UP

CHAPTER 16:

Confirmatory Factor Analysis through the Amos Program 

I.         The Notion of Confirmatory Factor Analysis

confirmatory factor analysis: “factor analysis conducted to test hypotheses (or confirm theories) about the factors one expects to find. It is a subtype of structural equation modeling. . .” (Vogt, 2005, p. 56).

structural equation: “an equation representing the strength and nature

of the hypothesized relations among (the ‘structure’ of) sets of variables in a theory” (Vogt, 2005, p. 313).

structural equation modeling: “models made up of more than one structural equation; models that describe causal relations among latent variables and include coefficients for endogenous variables” (Vogt, 2005, p. 313).

  1. Purposes

·  testing whether a set of measures continues to exhibit the same factor structure as hypothesized.

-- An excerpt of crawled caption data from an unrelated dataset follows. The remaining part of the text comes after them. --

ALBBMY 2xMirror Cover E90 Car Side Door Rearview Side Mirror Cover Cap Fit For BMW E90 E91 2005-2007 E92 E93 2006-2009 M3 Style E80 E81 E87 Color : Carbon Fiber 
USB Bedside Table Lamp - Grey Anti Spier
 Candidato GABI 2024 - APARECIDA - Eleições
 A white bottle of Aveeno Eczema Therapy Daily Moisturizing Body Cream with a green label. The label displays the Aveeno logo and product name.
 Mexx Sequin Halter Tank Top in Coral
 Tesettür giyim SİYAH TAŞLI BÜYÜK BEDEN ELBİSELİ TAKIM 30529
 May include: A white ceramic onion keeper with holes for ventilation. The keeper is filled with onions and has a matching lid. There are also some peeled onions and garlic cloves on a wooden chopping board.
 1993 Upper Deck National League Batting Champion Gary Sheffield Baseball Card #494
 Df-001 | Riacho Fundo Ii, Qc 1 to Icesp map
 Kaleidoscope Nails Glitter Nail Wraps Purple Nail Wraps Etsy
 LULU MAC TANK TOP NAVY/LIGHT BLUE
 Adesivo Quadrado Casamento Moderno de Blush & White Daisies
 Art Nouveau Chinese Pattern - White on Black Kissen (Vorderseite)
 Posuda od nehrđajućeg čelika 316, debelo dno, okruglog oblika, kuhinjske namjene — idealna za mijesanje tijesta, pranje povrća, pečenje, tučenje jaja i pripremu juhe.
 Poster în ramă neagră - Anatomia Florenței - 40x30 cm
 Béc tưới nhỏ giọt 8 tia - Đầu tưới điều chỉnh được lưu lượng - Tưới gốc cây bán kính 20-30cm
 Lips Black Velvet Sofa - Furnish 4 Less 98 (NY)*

·  its role in constructing a causal model

·  comparing alternative factor solutions from the data.

·  comparing alternative factor solutions from different individuals

 

·  factor matching

factor matching: a use of factor analysis exploring ways to transform two sets of factors into structures that most strongly resemble each other.

·  comparing alternative solutions with different variables from the same individuals

  1. Types of Confirmatory Factor Analysis

--traditional confirmatory factor analysis uses a combination of hypotheses about factors and general factor analysis methods. Rather than employing principal components solutions, traditional confirmatory factor analysis relies on principal axis factoring.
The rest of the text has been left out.